### Records provided
========
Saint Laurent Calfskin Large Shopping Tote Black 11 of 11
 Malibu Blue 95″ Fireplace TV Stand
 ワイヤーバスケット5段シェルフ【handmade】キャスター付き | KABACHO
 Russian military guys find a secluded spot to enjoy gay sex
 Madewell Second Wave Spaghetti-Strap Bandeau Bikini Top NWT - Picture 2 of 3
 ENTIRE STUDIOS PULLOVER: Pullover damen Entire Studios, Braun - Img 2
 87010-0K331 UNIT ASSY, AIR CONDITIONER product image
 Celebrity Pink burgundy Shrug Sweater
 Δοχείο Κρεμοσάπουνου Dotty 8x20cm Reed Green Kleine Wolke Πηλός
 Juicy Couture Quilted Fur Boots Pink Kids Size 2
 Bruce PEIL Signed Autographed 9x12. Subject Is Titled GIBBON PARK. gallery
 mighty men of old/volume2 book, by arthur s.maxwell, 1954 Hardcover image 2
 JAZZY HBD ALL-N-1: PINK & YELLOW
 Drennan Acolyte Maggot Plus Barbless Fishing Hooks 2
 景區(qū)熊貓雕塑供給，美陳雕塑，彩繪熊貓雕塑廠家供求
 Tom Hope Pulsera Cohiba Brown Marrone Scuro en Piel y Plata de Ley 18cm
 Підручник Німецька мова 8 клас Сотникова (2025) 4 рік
========
Exactly as they appear above, return all of the records.

Saint Laurent Calfskin Large Shopping Tote Black 11 of 11
 Malibu Blue 95″ Fireplace TV Stand
 ワイヤーバスケット5段シェルフ【handmade】キャスター付き | KABACHO
 Russian military guys find a secluded spot to enjoy gay sex
 Madewell Second Wave Spaghetti-Strap Bandeau Bikini Top NWT - Picture 2 of 3
 ENTIRE STUDIOS PULLOVER: Pullover damen Entire Studios, Braun - Img 2
 87010-0K331 UNIT ASSY, AIR CONDITIONER product image
 Celebrity Pink burgundy Shrug Sweater
 Δοχείο Κρεμοσάπουνου Dotty 8x20cm Reed Green Kleine Wolke Πηλός
 Juicy Couture Quilted Fur Boots Pink Kids Size 2
 Bruce PEIL Signed Autographed 9x12. Subject Is Titled GIBBON PARK. gallery
 mighty men of old/volume2 book, by arthur s.maxwell, 1954 Hardcover image 2
 JAZZY HBD ALL-N-1: PINK & YELLOW
 Drennan Acolyte Maggot Plus Barbless Fishing Hooks 2
 景區(qū)熊貓雕塑供給，美陳雕塑，彩繪熊貓雕塑廠家供求
 Tom Hope Pulsera Cohiba Brown Marrone Scuro en Piel y Plata de Ley 18cm
 Підручник Німецька мова 8 клас Сотникова (2025) 4 рік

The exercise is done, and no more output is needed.